Photographed on the roof of his building in Red Hook.
Tim McLoughlin
Author and editor of Brooklyn Noir, 46.
“I don’t know anything else and I still don’t. The only time I’ve spent outside of Brooklyn was six weeks in Europe in 1976. And when I was there I was terrified at what I might miss and that everything might change while I was gone. My fears were realized when I came back and beer and soda cans changed. They used to have a pull-tab where the ring and oval tab actually separated from the can. When I returned they had switched to the top we have now where the cutout is forced down and stays attached. Probably done to reduce litter, since the old pull-tabs were always all over the streets.

I even knew this guy I used to live near that was 72 years old and had never even been to Manhattan. I asked him why one day and he said “What for?”

Brooklyn was the first true suburb of Manhattan and I think in a way that caused people here to grow up with a sense of longing. I think there were angst ridden kids here back in 1780.”
Johnny Temple
Publisher of Akashic Books, 38
“I was born in D.C. and I came over to Brooklyn in 1990. I was always drawn to the neighborhoods here and the feeling they give you. Especially here in Fort Greene.

This neighborhood has the cultural heart that I was interested in when I started a publishing company.

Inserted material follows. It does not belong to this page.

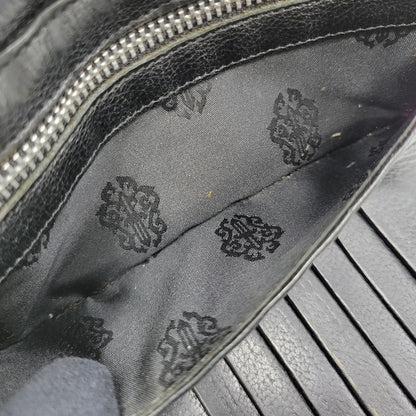 【現状渡し品】【メンズ】 CHROME HEARTS クロムハーツ WAVE WALLET ウェーブウォレット 長財布 190-251214-as-07-izu カラー：ブラック 万代Net店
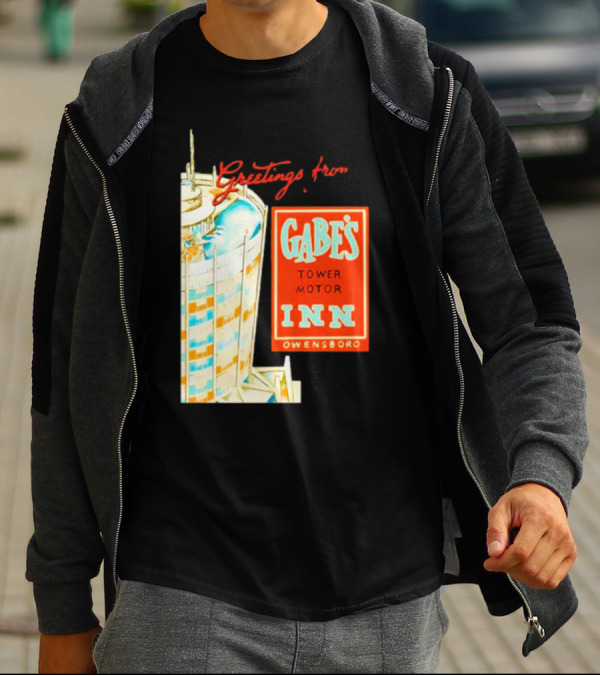 Greetings From Gabe's Tower Motor Inn Owensboro Retro Travel Souvenir T-Shirt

It’s a diverse neighborhood that is a fountain of cultural activity and a place with a literary legacy. Spike Lee is around here, Richard Wright wrote Native Son in Fort Greene Park, the Marsalis brothers were from around here. Rosie Perez. Fort Greene, and Brooklyn in general, is simply a quirky, idiosyncratic, eclectic place – something that I think we capture in the ‘Brooklyn Noir’ series. It is an incubator for creators. And plus, another thing that is great is that there are so many fucking weird people here. And they only get weirder. It is a land of characters.”
Photographed on Atlantic Avenue in Fort Greene.
Aleksandz Akimov
Sea Breeze Car Service driver, 65
“I have a small piece of the Ukraine here in America.”
Photographed in Brighton Beach.
Siri Hustvedt
Author, 50
“I was born in Northfield, Minnesota and I came to New York in 1978 to study at Columbia and I never left. My first memories of New York, when I came to look at Columbia the first few days, were of the Korean grocery shops with the flowers and fruits outside and the vivid colors of those things. And the subway, I loved the subway. I was still discovering urban life and I loved graffiti, the garbage. Everything was exciting to me. I had a big romance with New York City.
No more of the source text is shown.